It’s a familiar trope, you’re at your job typing, sweating, and working away trying to get a group project completed for your boss. You’ve been staying up late, drinking way too much coffee, and buzzing around the office to complete the final touches. Then as you walk to your bosses office to present the project, your devilishly handsome and popular co-worker and group member swoops in to grab the presentation, enters the office, and takes all credit for the hours and hours of work you completed. It stings, and likewise, this is how the native North American pollinators felt as the honeybee made its way to North America’s shore back in 1622.
Originally referred to as “The White Man’s Fly” by American Indians, the honeybee was brought here for the sole purpose of producing honey and pollinating crops the colonists imported upon their arrival. Over the course of approximately 200 years, the honeybee made its way to the west coast, continuing the major production of honey, and making honey bees the most popular bees in America.

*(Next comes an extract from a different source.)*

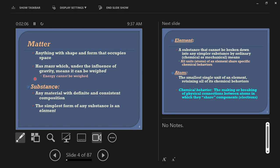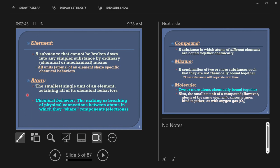Some other terms we'll associate with matter: substances. A substance is any material with definite and consistent composition. The simplest form of a substance is an element. Take a chunk of iron — that's a substance, and that chunk of iron is made of atoms of iron. Each little piece of that iron is an iron atom, and that's one element. An element is the smallest chunk of a substance. Elements are substances that cannot be broken down into simpler substances by ordinary chemical or mechanical means.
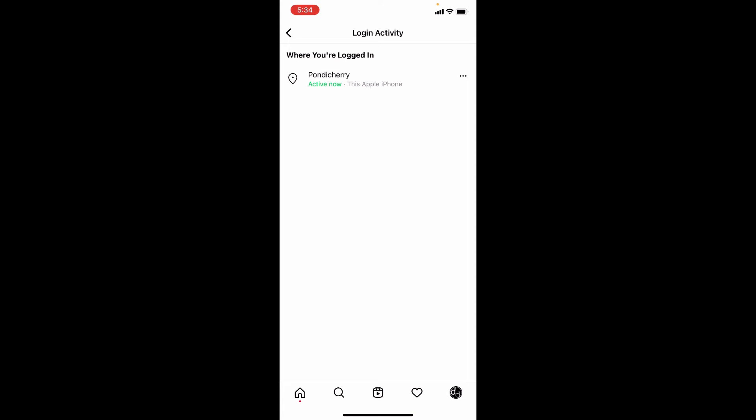And finally, to log out on this device, you can do that here. Here also you can log out.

Pollination Week is no exception when downplaying the work of native pollinators and replacing their efforts with praise for the honey bee. At the Pollination Week Celebration on June 24, participants learned how honey bees produce honey, how folks in the community raise happy, healthy honey bees, as well as taste an assortment of different honeys so as to indulge in the work of the proud honey bee.
Honey bees across the board played center stage at the event, but one booth stood out among the fields of black and yellow obsession. The Virginia Department of Agriculture and Consumer Services (VDACS) wishes to broaden the public’s knowledge on native pollinators in North America. While VDACS representative Keith Tignor described the honey bees’ impact on pollination as second to none, he confessed we must pay attention to other native bee population, as populations of native North American pollinators are dropping at an alarming rate.

According to conservation biologist Jonas Geldmann, the honey bee can be attributed to this rapid decline as its pollination habits allow for the spread of lethal diseases in insects. Its introduction into North American animal life introduced the decline, and subsequent threat to all plant life, of native pollinators. Rather than protect these native pollinators, the nature of our agricultural economy placed higher emphasis and concern on the honey bee, who have only been pollinating in North America for a few hundred years, versus our native pollinators’ several thousand.
While it is clear there are other species at risk, Tignor maintained the value of the honey bee and its role in agriculture. Honey bees are serving as the “canary in the mine” for researchers, and proving to be an effective alarm when it comes to discovering causes for the collapse of other populations.
In other words, honeybees will continue to be a strong focus in the realm of bee research, pushing the efforts and lives of other pollinators to the side; yet there are native bees who are “more efficient pollinators of native crops,” according U.S. Forest Service, being put on the endangered species list.
Shouldn’t native pollinators be the ones garnering the most attention?
And so the bee debate begins. The question these days in not whether or not to save the bees, but rather which bees should we be saving and why. Some would argue the attention needs to stray away from the honey bee and on to native pollinators, while others continue to believe and emphasize the importance of the honey bee and its contributions to agriculture and the honey industry.
It might seem silly to put this level of emphasis on a creature that weighs in at around .00025 pounds, but this debate has monumental impact on agriculture, agricultural economy, and environmental protection. Of the bees mentioned at the VDACS booth at pollination week–the Blue Orchard Mason Bee, Eastern Carpenter Bee, Azalea Miner Bee, and Rusty Patched Bumblebee–all are on the IUCN Red List of Threatened Species, self-defined as, “The world’s most comprehensive inventory of the global conservation status of biological species.”

If attention is not refocused on the work and efforts of native pollinators, we are at risk of losing native bees at an astronomical rate and face major environmental consequences, such as a decrease in crops and plant life.
The work being done during Pollination Week is important, as it educates the public about bees, their importance to our life cycle, and why we should care. Pollination is an important part of sustaining plant life, and all pollinators play an important role; however, when it comes to the bee, try to reflect on the relationship between honey bees and our land, then recall that feeling of being in the office. Would you want someone to notice the work you were doing, or would you prefer they pay more attention to that co-worker, or honey bee, stealing your thunder?